• **What is needed**
Please output every line of the material as it stands, without the pictures.

*** Block opens ***

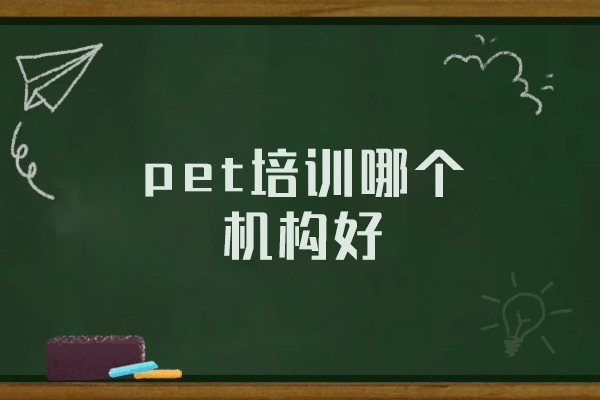 厦门pet培训哪个机构好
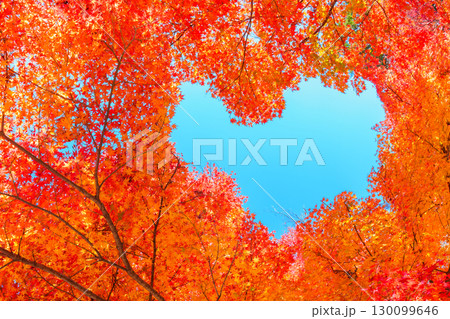 オレンジの紅葉にハートの空 オレンジの紅葉にハートの空 130099646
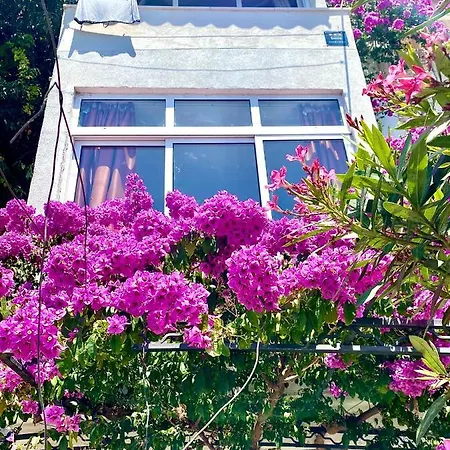 Elena Apartment *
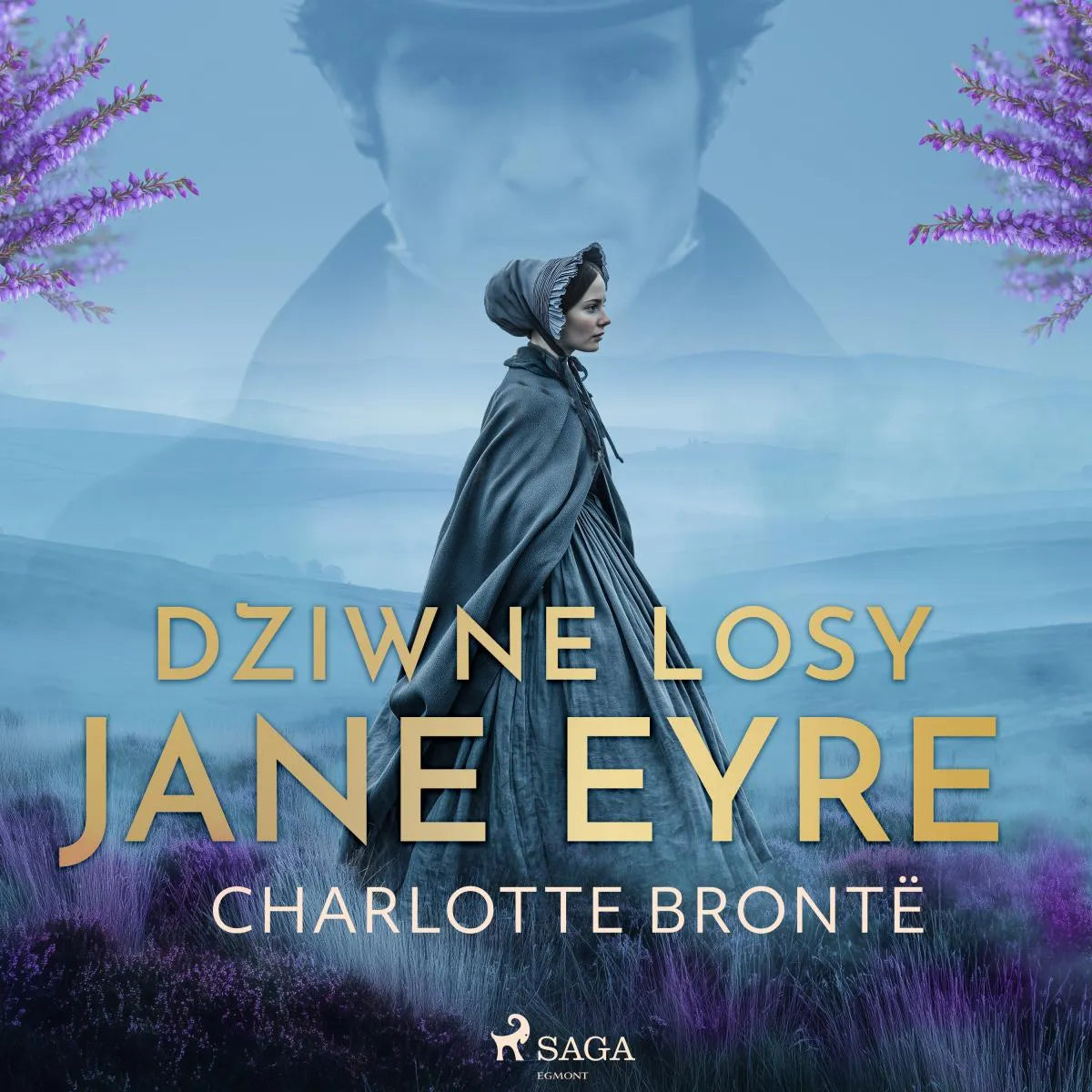Cover: Dziwne losy Jane Eyre (Hörbuch Download) von Charlotte Brontë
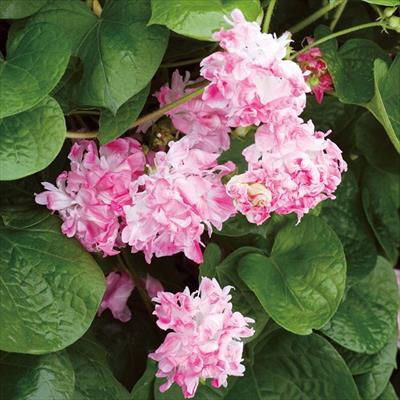 アサガオ スプリットペタル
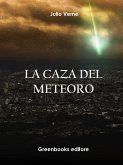 La caza del meteoro (eBook, ePUB)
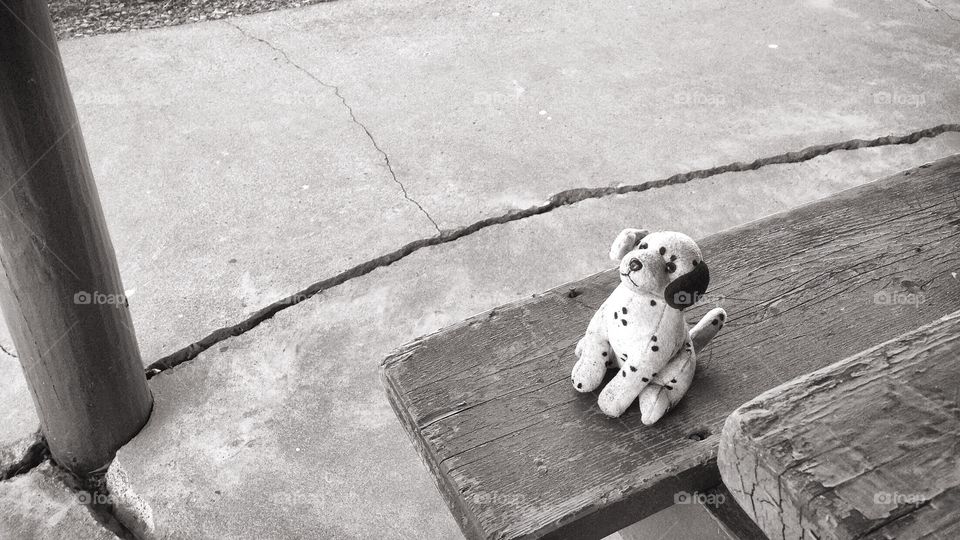 Lost Dalmatian Puppy Plushie Sitting on a Park Bench in Black and White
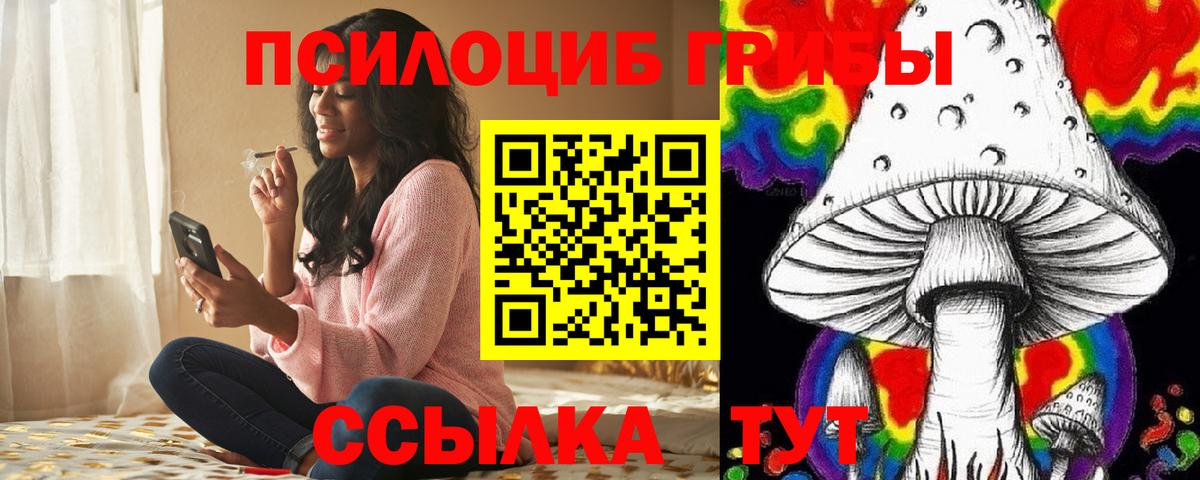Псилоцибиновые грибы мухоморы  Вход с VPN  Благодарный  Псилоцибиновые грибы Psilocybe 
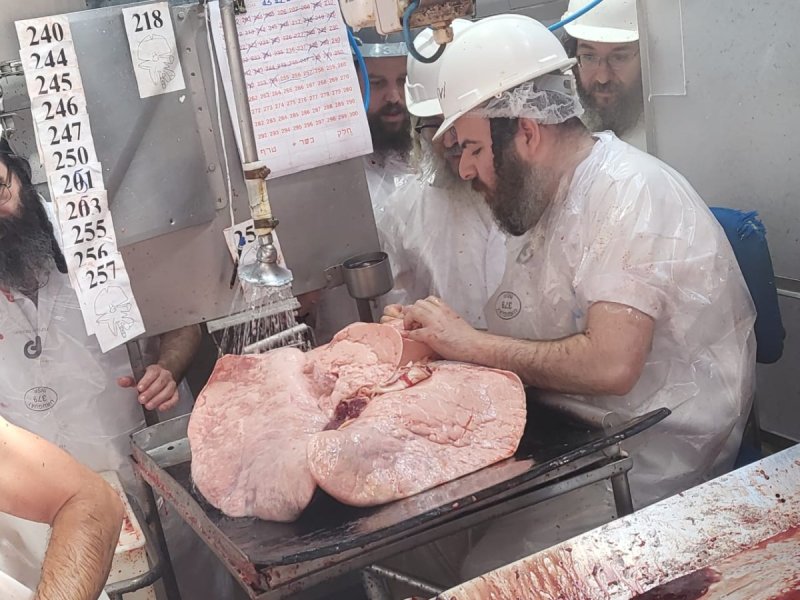 בחצרות סאטמר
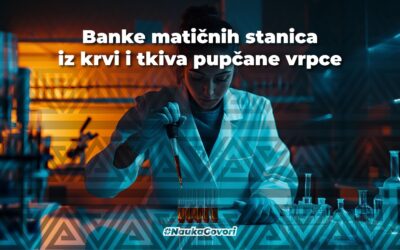 Matične ćelije: o bankama, čuvanju i terapijama
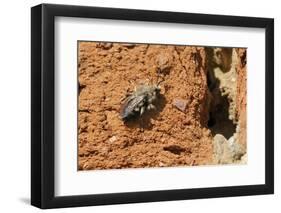 Cuckoo Bee (Melecta Albifrons) a Parasite of Solitary Bees-Nick Upton-Framed Photographic Print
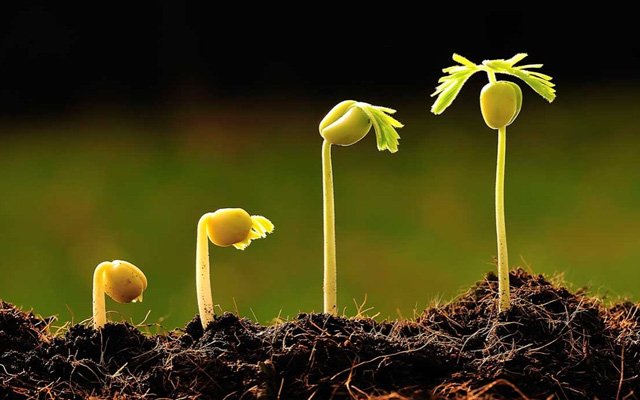 DİN, İBADET MİDİR, YOKSA AHLAK MIDIR?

*** Block closes ***

• **Expected answer**
 厦门pet培训哪个机构好
 オレンジの紅葉にハートの空 オレンジの紅葉にハートの空 130099646
 Elena Apartment *
Cover: Dziwne losy Jane Eyre (Hörbuch Download) von Charlotte Brontë
 アサガオ スプリットペタル
 La caza del meteoro (eBook, ePUB)
 Lost Dalmatian Puppy Plushie Sitting on a Park Bench in Black and White
Псилоцибиновые грибы мухоморы  Вход с VPN  Благодарный  Псилоцибиновые грибы Psilocybe 
 בחצרות סאטמר
 Matične ćelije: o bankama, čuvanju i terapijama
 Cuckoo Bee (Melecta Albifrons) a Parasite of Solitary Bees-Nick Upton-Framed Photographic Print
 DİN, İBADET MİDİR, YOKSA AHLAK MIDIR?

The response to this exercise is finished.